# Assignment: Fine-tune BERT on a Custom Classification Dataset

## Objective
This assignment focuses on the practical application of transfer learning in Natural Language Processing by fine-tuning a pre-trained BERT model for a custom text classification task. You will learn to prepare a dataset, configure a BERT model for classification, train it, and evaluate its performance.

## Part 1: Environment Setup and Dataset Preparation (30 Marks)

1.  **Environment Setup:**
    * Create a new Python virtual environment.
    * Install the necessary libraries: `transformers`, `torch` (or `tensorflow` if preferred), `scikit-learn`, `pandas`, `numpy`, `matplotlib`, `seaborn`.
        * Provide a `requirements.txt` file listing all dependencies.

2.  **Custom Dataset Acquisition and Loading:**
    * Select a custom text classification dataset suitable for this assignment.
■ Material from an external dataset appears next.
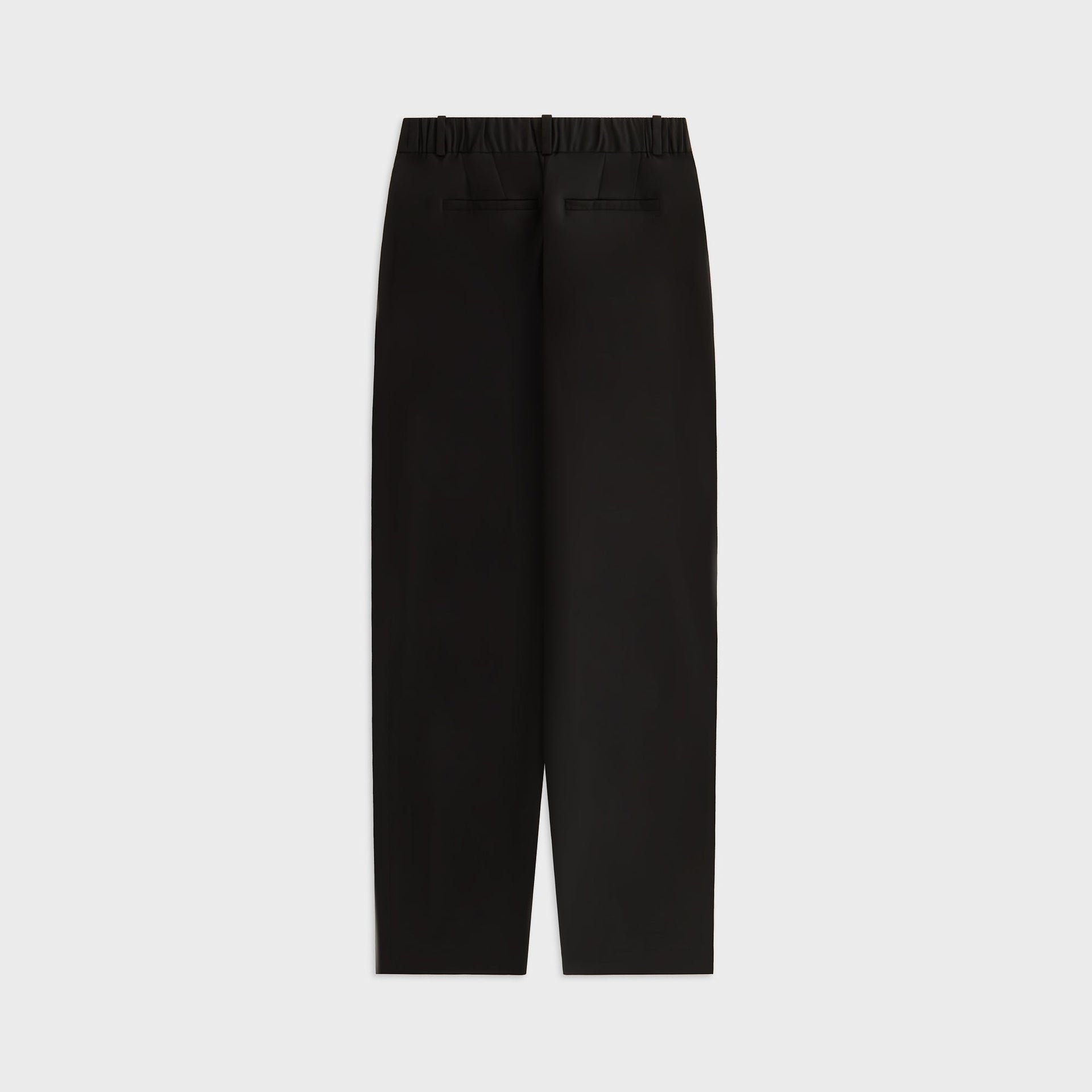 Kith Women Kinsley Pleated Trouser - Black - PH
Recommended options:
        * **Sentiment Analysis:** (e.g., IMDB movie reviews, Twitter sentiment, Amazon reviews - you might need to combine and label if using raw data).
        * **News Classification:** (e.g., AG News, BBC News summary dataset).
        * **Spam Detection:** (e.g., SMS Spam Collection Dataset).
        * **Topic Classification:** (e.g., a subset of Reddit posts by subreddit, or general articles by topic).
    * **Minimum Requirements:** The dataset should have at least **2 classes** and a minimum of **1000 samples** in total (aim for more if possible for better results).
    * Load your chosen dataset into a Pandas DataFrame. The DataFrame should have at least two columns: one for the text content and one for the corresponding label.
    * Describe your chosen dataset, its source, the number of classes, and the distribution of samples per class.
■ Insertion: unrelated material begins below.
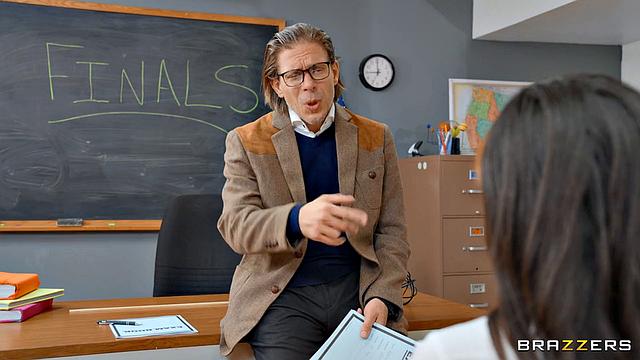 Plight of the Big-Breasted Babe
3.  **Data Preprocessing and Splitting:**
    * Perform any necessary basic text preprocessing (e.g., handling missing values, uniform case, basic cleaning). *Note: BERT models handle a lot of this internally, so heavy cleaning is often not required, but basic sanity checks are good.*
    * Split your dataset into training, validation, and test sets (e.g., 70% train, 15% validation, 15% test). Ensure stratification if your classes are imbalanced.
    * Print the shape of each split and the distribution of classes within each split.

In [None]:
# Your code for environment setup, dataset loading, and preprocessing here.
# Include explanations, dataset description, and split statistics.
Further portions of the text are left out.